Why Penetration Testing Should Challenge Assumptions Rather Than Confirm Comfort

The Comfort Trap

When the pen test is designed to produce the answer you want.

Nobody commissions a pen test hoping for a 60-page report documenting a path from a phishing email to the CEO's mailbox. The CISO doesn't want to explain to the board that the tester achieved Domain Admin in two hours. The IT director doesn't want their team's work scrutinised and found wanting. The CFO doesn't want to hear that the remediation will cost £200,000.

The incentive structure pushes toward comfort. A clean report is easier to present. A reassuring outcome avoids difficult conversations. A low finding count confirms that the money spent on security tools and team is working. And the easiest way to produce a comfortable result is to constrain the test — knowingly or unknowingly — until the scope, methodology, and provider are configured to find as little as possible.

This doesn't require deliberate dishonesty. It happens incrementally: the cloud environment is excluded because "it's out of scope for this engagement." Social engineering is removed because "we tested that two years ago." The testing window is shortened from ten days to three because of budget pressure. The provider is selected on price rather than depth. Each decision is individually reasonable. Collectively, they produce a test that's optimised for reassurance rather than truth.

The Assumptions That Need Testing

The beliefs organisations hold that pen testing should challenge.

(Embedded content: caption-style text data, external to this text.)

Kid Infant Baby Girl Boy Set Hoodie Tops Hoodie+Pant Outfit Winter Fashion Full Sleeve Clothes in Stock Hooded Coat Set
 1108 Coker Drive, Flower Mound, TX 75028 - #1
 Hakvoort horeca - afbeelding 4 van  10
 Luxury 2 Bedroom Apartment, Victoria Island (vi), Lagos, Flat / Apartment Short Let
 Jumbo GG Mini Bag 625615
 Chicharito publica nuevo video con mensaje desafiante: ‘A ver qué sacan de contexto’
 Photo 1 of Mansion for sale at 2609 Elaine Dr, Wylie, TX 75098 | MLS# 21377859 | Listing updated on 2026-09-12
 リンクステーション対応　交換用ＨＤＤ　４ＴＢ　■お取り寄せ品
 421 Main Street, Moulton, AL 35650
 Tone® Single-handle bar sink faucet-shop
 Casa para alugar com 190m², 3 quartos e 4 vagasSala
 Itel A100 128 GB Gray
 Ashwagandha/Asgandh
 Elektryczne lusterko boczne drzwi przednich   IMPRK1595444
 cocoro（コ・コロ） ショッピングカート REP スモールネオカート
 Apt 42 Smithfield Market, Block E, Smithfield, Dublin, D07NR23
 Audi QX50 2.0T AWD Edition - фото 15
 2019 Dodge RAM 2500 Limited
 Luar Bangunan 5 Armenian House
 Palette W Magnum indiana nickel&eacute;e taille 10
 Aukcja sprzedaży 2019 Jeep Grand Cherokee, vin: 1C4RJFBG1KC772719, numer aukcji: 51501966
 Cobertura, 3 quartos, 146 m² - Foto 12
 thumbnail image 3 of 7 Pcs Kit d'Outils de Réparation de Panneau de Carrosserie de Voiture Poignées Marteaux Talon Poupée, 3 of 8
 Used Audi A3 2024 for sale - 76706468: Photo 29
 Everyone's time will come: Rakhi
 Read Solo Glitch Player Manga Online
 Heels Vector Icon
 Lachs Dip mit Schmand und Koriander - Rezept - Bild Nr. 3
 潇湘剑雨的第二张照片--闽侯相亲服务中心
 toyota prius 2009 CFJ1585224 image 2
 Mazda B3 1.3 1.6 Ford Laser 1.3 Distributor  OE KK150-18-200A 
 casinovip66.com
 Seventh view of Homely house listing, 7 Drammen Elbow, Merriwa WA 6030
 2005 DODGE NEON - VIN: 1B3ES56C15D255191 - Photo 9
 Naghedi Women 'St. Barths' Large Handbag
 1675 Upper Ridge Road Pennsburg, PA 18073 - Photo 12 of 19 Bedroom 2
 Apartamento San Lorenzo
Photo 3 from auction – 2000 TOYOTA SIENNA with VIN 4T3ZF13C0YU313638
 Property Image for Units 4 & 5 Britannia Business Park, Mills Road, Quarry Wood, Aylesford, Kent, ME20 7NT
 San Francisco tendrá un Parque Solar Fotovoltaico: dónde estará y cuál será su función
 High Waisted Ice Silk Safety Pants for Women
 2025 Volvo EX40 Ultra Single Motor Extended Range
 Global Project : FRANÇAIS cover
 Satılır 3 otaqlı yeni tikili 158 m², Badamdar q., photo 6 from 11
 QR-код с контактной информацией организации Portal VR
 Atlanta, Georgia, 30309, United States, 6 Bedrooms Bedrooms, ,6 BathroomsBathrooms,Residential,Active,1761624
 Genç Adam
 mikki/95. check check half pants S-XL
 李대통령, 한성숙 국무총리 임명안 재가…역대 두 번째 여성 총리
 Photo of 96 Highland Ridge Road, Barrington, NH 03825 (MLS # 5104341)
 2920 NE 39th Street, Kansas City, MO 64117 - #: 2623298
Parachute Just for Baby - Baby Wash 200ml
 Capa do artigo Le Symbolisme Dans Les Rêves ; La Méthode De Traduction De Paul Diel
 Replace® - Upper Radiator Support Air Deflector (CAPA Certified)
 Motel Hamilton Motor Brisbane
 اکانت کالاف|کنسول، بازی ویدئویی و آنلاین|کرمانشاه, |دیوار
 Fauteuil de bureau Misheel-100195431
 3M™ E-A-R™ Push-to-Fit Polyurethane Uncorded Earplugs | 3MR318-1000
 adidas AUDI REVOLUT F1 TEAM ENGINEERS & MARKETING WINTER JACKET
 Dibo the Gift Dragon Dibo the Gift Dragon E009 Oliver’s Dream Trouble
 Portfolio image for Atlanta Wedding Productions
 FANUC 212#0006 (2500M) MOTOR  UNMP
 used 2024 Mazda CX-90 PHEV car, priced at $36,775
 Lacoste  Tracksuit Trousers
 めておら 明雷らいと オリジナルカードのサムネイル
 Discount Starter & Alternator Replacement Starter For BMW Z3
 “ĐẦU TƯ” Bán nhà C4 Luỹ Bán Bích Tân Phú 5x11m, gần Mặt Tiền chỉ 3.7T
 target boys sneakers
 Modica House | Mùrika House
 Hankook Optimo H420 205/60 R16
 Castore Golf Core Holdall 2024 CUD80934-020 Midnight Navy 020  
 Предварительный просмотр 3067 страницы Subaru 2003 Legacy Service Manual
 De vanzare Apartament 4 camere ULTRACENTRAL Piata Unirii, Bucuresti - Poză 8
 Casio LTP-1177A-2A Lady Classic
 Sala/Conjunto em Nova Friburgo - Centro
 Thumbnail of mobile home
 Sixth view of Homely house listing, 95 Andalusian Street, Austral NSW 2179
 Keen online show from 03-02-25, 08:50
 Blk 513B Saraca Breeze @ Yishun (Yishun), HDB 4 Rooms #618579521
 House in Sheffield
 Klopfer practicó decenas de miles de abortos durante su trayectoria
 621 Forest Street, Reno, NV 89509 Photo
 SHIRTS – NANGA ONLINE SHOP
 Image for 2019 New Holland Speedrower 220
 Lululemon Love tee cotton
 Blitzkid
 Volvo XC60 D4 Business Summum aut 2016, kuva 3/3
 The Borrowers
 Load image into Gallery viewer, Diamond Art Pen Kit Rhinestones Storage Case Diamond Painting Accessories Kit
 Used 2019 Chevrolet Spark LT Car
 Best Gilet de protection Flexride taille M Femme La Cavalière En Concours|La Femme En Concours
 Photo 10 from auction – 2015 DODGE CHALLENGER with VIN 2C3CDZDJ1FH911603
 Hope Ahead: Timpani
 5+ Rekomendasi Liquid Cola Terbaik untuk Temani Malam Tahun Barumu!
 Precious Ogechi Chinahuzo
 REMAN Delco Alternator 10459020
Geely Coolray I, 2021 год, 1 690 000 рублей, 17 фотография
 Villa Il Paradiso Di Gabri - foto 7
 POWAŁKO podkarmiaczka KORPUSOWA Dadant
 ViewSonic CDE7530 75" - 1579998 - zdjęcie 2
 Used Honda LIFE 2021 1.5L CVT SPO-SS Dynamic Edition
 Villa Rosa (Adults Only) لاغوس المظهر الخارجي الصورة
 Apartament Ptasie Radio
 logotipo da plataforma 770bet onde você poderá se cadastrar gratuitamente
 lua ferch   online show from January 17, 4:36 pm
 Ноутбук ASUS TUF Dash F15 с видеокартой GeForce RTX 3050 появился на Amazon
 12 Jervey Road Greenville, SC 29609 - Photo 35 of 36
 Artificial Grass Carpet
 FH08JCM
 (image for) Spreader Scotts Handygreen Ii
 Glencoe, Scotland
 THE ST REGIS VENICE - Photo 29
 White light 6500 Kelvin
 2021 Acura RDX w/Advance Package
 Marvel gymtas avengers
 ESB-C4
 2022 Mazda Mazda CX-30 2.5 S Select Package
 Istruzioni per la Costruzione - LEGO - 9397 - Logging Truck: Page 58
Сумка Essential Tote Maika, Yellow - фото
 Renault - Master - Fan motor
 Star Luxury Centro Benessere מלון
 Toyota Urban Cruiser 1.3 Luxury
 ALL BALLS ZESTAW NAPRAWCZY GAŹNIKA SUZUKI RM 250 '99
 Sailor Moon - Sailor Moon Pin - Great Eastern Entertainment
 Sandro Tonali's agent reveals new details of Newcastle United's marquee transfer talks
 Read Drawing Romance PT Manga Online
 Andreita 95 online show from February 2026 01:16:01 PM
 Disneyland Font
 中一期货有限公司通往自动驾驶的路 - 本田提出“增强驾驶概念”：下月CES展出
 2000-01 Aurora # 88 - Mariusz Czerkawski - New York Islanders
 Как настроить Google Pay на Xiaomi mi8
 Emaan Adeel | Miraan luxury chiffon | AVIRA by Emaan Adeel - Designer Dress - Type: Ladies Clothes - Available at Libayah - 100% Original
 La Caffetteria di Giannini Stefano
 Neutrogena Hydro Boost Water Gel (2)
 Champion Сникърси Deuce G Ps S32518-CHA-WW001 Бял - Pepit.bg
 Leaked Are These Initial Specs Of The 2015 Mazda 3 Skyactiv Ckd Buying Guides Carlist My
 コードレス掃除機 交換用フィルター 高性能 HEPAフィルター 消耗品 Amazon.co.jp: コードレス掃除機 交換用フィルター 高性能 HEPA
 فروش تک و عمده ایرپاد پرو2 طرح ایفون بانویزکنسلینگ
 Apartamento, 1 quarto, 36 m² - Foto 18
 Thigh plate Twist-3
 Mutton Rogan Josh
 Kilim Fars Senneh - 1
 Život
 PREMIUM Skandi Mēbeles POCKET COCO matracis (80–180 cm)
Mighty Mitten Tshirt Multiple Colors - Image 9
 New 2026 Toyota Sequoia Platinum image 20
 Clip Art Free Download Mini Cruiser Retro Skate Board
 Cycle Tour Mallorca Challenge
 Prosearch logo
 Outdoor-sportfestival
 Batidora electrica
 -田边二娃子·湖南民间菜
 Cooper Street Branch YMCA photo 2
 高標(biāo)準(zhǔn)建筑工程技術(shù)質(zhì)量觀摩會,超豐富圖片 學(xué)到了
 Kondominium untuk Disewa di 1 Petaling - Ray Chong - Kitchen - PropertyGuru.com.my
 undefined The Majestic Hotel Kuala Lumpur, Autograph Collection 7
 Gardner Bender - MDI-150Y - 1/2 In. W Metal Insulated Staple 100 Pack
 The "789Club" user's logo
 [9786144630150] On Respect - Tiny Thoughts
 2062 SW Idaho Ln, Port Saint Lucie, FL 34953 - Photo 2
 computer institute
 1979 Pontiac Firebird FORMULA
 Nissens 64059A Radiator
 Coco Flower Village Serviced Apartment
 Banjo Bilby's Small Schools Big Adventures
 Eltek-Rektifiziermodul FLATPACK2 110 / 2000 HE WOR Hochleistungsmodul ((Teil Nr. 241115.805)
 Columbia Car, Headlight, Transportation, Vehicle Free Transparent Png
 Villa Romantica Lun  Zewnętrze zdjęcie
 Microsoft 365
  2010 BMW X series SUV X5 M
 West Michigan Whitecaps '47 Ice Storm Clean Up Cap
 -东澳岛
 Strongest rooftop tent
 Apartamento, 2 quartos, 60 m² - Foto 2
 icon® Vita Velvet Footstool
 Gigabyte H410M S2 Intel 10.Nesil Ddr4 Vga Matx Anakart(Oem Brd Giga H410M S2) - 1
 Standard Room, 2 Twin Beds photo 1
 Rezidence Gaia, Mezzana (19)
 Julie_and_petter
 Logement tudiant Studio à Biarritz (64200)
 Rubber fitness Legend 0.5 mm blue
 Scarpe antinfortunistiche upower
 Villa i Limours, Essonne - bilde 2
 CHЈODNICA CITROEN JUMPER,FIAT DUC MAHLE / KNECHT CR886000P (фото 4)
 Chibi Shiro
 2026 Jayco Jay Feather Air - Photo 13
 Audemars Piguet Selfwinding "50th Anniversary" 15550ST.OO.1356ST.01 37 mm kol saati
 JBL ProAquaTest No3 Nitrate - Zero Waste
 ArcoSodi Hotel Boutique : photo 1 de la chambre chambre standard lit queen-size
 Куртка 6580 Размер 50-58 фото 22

Every organisation operates on security assumptions — beliefs about the effectiveness of its controls that are rarely tested against adversarial techniques. These assumptions feel true because nothing has contradicted them. But "nothing has gone wrong" is not evidence that the controls work — it may simply mean that nobody has tried.

The Assumption	Why It Feels True	What the Pen Test Might Reveal
"We're fully patched"	The vulnerability scanner shows green. The patch management dashboard reports 98% compliance. The WSUS server is configured and running.	The scanner covers Windows patches but misses the Java application running on a non-standard port. The 2% non-compliance includes the domain controller that hasn't restarted since the patch was applied. The third-party application that runs the finance system hasn't been updated in 18 months because the vendor doesn't support the latest version.
"Our EDR will catch it"	The EDR vendor demonstrated impressive detection rates during the proof of concept. The product is deployed on every endpoint. The management console shows all agents reporting.	The tester crafts a custom encoded payload that bypasses the EDR's static analysis. The EDR catches the default Meterpreter binary but misses the custom shellcode loader. The product detects known techniques but the tester uses a variant that the signatures don't cover. The assumption that "EDR is deployed" equals "attacks are detected" is tested and found incomplete.
"Our network is segmented"	The network diagram shows VLANs. The firewall rules were designed during the infrastructure project two years ago. The architecture document describes a segmented network.	The tester discovers that the temporary "allow all" rule created during a migration was never removed. The WiFi network bypasses the segmentation entirely. The jump server in the management VLAN is accessible from the workstation VLAN. The segmentation exists on paper but not in practice.
"Our users are well-trained"	The organisation runs quarterly phishing simulations. The click rate has dropped from 24% to 6%. The security awareness training scores are above 90%.	The pen tester sends a tailored phishing email that doesn't match the template the simulation platform uses. The click rate is 31% — because the real phishing email doesn't look like the training examples. Users are trained to spot the simulation, not the real attack.
"Our cloud is secure"	The cloud team followed the vendor's security best practices. The configuration was reviewed at deployment. The cloud security posture management tool shows no critical findings.	The tester discovers an S3 bucket with public read access that contains database backups. The IAM role assigned to the Lambda function has full admin permissions "for development" that were never reduced for production. The CSPM tool checks configuration against CIS benchmarks but doesn't test whether the configuration can be exploited.
"MFA protects us"	MFA is deployed on the VPN, the email system, and the admin portals. The rollout is complete. All users are enrolled.	The tester bypasses MFA through a legacy protocol that doesn't support modern authentication — NTLM or IMAP. Or through an MFA fatigue attack where the user eventually approves the push notification. Or by compromising a session token that persists beyond the MFA challenge. MFA is a strong control — but the assumption that it's a complete defence is tested and found to have specific, exploitable exceptions.
"We'd know if we were compromised"	The SOC is operational 24/7. The SIEM collects logs from all critical systems. The EDR is deployed on every endpoint. Alerts are triaged within the SLA.	The tester operates inside the network for five days, harvests credentials, moves laterally to six systems, escalates to Domain Admin, and accesses the financial database — without triggering a single alert. The SOC is operational, but the detection rules don't cover the specific techniques the tester used. The logs are collected but nobody is looking for the indicators that matter.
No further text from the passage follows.